A community of the Benedictine order was
established at St. James's in the reign of James II.,
but it was suppressed after the Revolution.
On the site of the chapel above mentioned now
stands the Lutheran or German Chapel, which
seems almost to intrude upon the grounds of Marlborough House. It was here that the late Queen
Dowager Adelaide used to attend on Sundays, preferring the simplicity of its service to the Chapel
Royal. In 1851, its use was granted, by permission
of the Bishop of London, to the foreign Protestants
who had flocked to see the Great Exhibition in
Hyde Park.
Westward of the Colour Court is the Ambassadors' Court, where are the apartments of the exKing of Hanover, and of certain other branches of
the Royal Family, and beyond it the Stable Yard,
so named from covering the site of the ancient
stable-yard of the Palace. Here are now Stafford
House, the mansion of the Duke of Sutherland,
and Clarence House, the residence of the Duke
of Edinburgh; besides a few other mansions inhabited by the nobility.
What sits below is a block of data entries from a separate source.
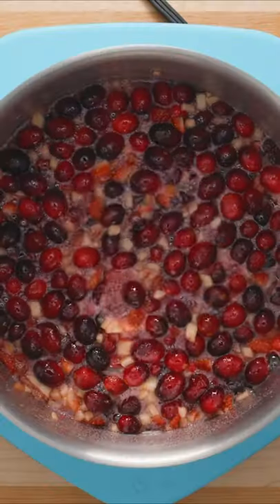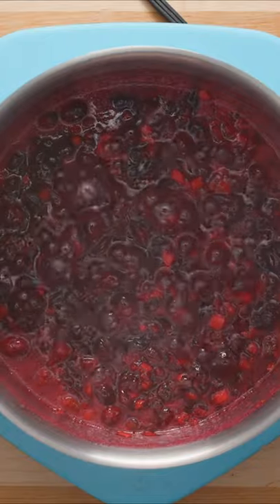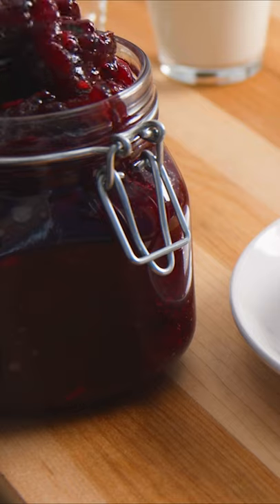Stir this all together until the sugar has dissolved, then turn the heat up and bring the mixture to a boil. Continue to simmer, mixing occasionally for about 5 minutes. Now the jam needs to cool down before you serve to let it thicken up a bit. This is great on toast for breakfast or even as an ice cream topping for dessert.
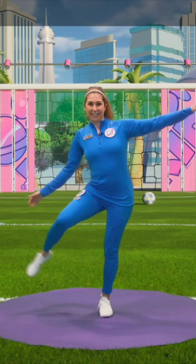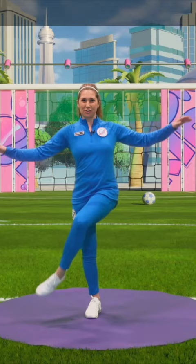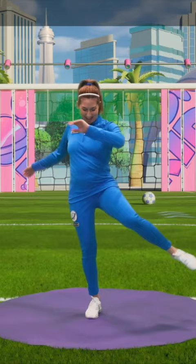And lower it down. Let's try the other side. See if you can find that figure of eight with your toe, with your knee. That's it. Find your balance. Use your arms. Swish it out. Very good everyone. And lower it down. Now let's show off.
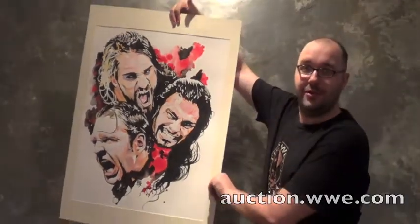Hey guys, up at auction.wwe.com — closing tomorrow — we've got a giant piece featuring all three members of the Shield. This thing's huge, 22 by 30.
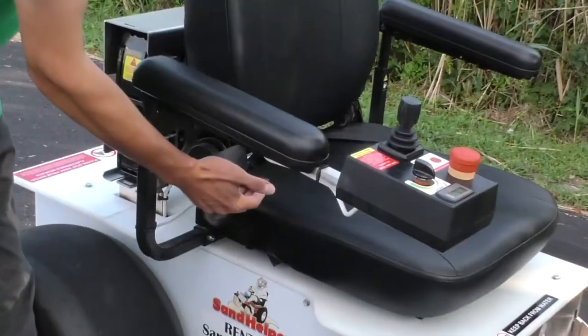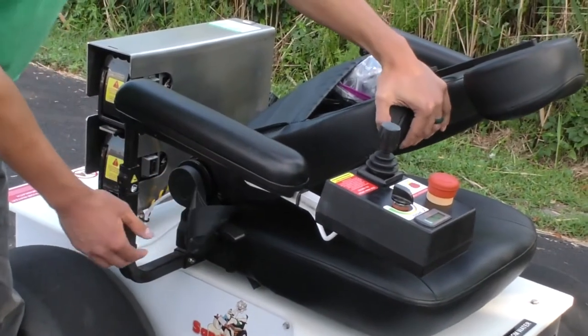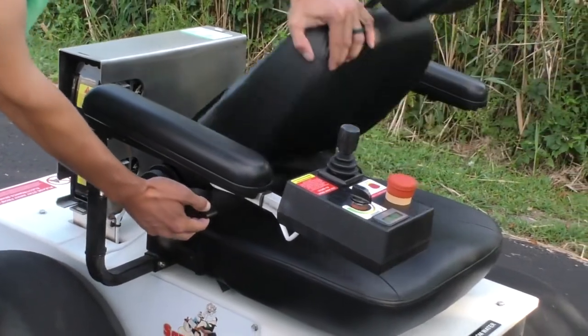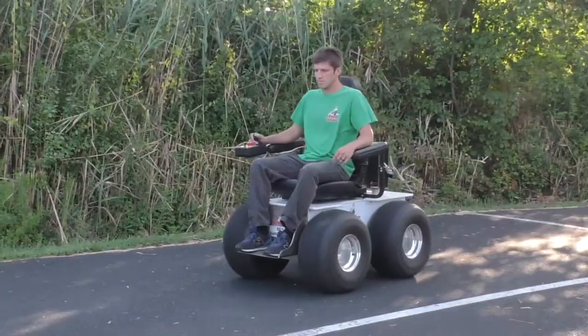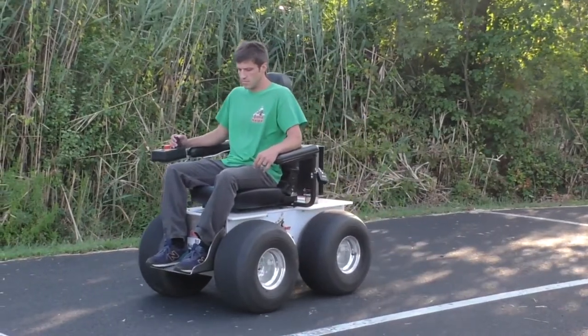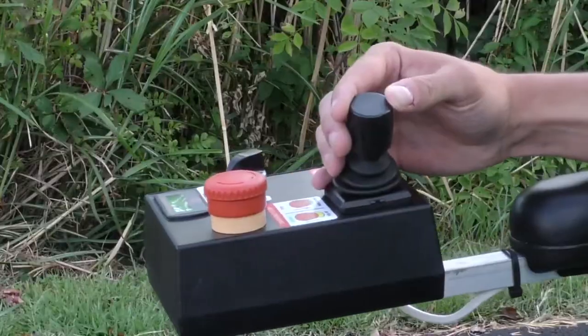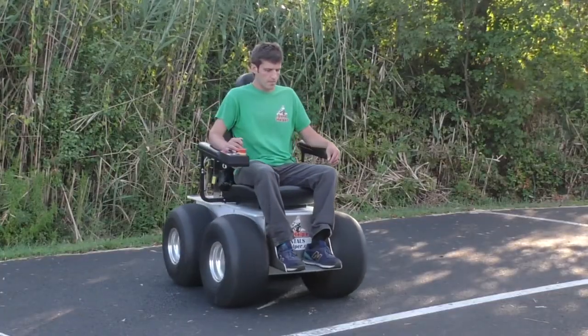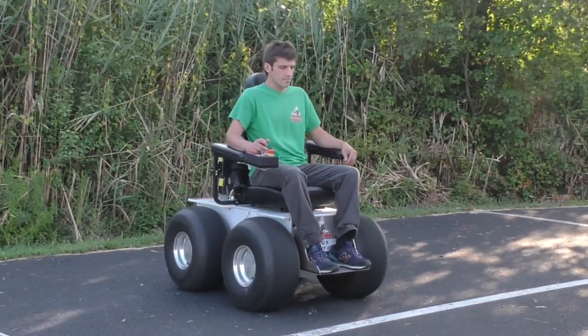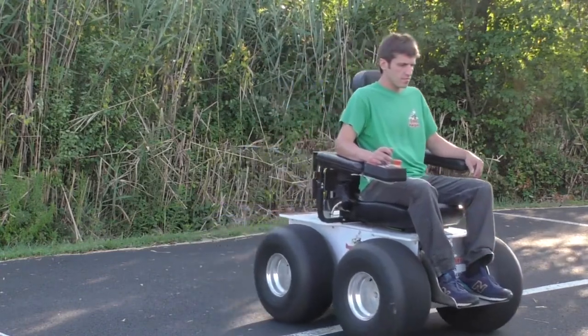If you would like to change the angle of the backrest, there is a lever to the right side of the seat — pull that lever up and it will allow the seat back to move. The best way to maneuver and turn is to stop the wheelchair, spin in place, and then go forward again, instead of going into hard left or right turns while you are already in motion.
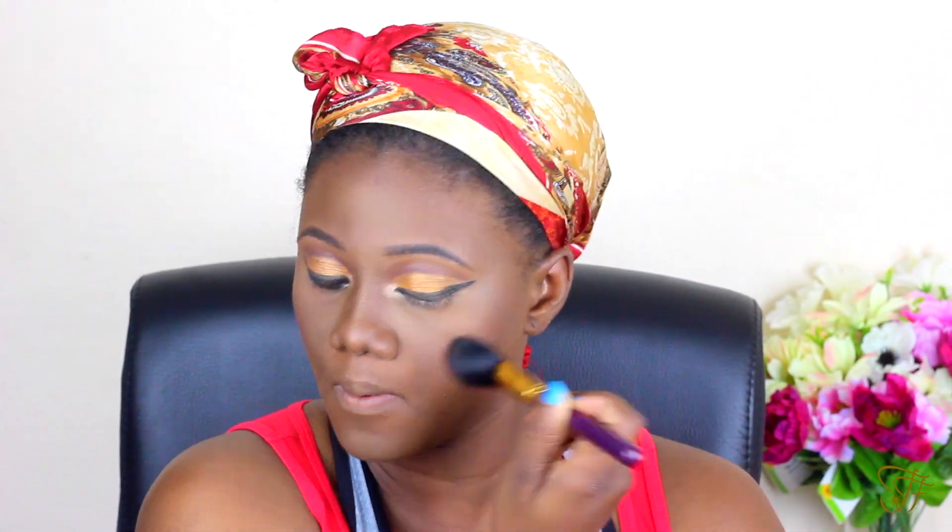I'm just using my powder to give more definition with the contour — that's all you're seeing here. Then using the same shades I used in the crease, I'm going back underneath the lower lash line just to give a smoked-out look — not too noticeable, but smoked out.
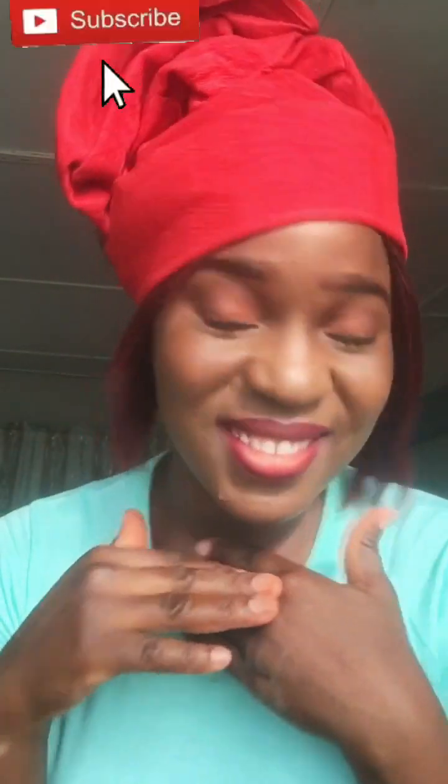Hello beautiful people, welcome back to my channel — it's a girl Alice, aka That Gelly Chick. In this video I'll be showing you guys how to tie this beautiful zara cap gele on your own head. So sit back, watch, learn and enjoy. If you like what you see, do not forget to kindly hit the subscription button, like this video, share this video with someone, and comment on this video.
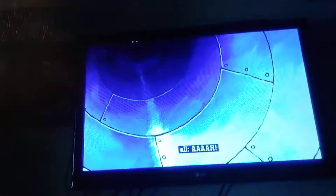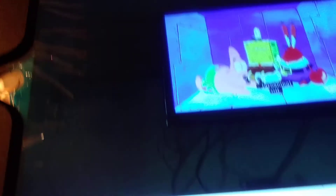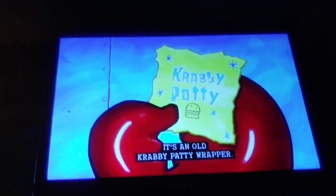There it is. Okay, what's this? It's an old crappy pet.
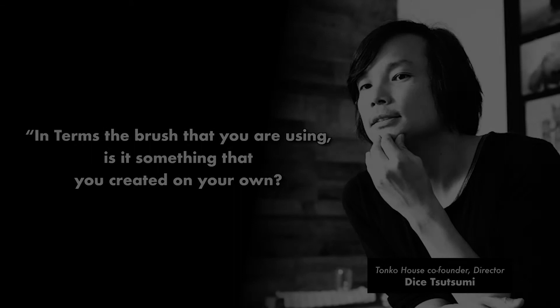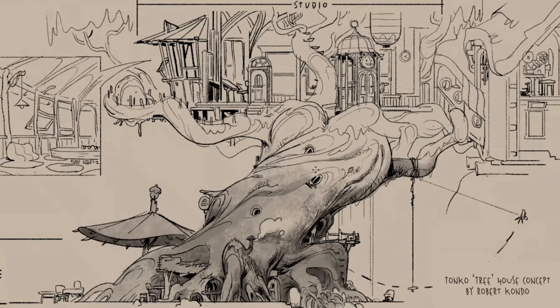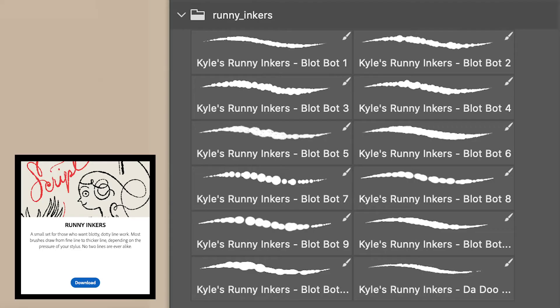Robert, is the brush you're using something you created on your own, or is it a special brush? I actually don't know — it's a downloaded brush from Photoshop. It's Kyle's Running Inker, a free brush that comes with Photoshop.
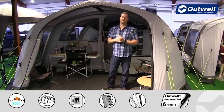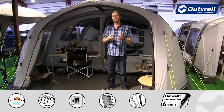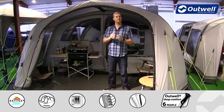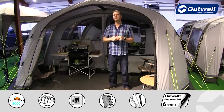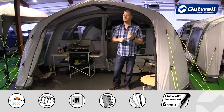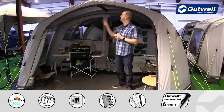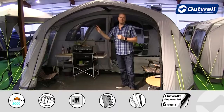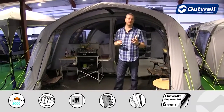With this tent being from our air comfort collection, you'll find that in place of traditional steel or fiberglass poles, we have an inflatable frame on here, which we will show you in detail on the outside. What I do want to highlight is that we're using our power air tube system here, where we have bracer tubes in the front and at the back of this tent, just to create maximum amounts of stability.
Mr. Cunningham says that, in 1814, during the
visit of the Allied Sovereigns, Marshal Blucher was
lodged in the dingy brick house on the west side of
the Ambassadors' Court, or West Quadrangle, where
he would frequently sit at the drawing-room windows
and smoke, and bow to the people, pleased with
the notice that was taken of him. At this time
the state apartments were fitted up for the Emperor
of Russia and the King of Prussia.
In the reign of George II. the Royal Library
stood nearly on the site of the present Stafford
House, detached from the rest of the buildings of
the Palace; there is no print of it in existence,
and it is said to have possessed few architectural
pretensions. In fact, literature was not one of
the "hobbies" of the first two monarchs of our
Hanoverian line.
Here, in the Ambassadors' Court, is the office of
the Lord Chamberlain's Department. It is poor
and mean enough, and gives but little idea of the
importance of the work transacted within its walls.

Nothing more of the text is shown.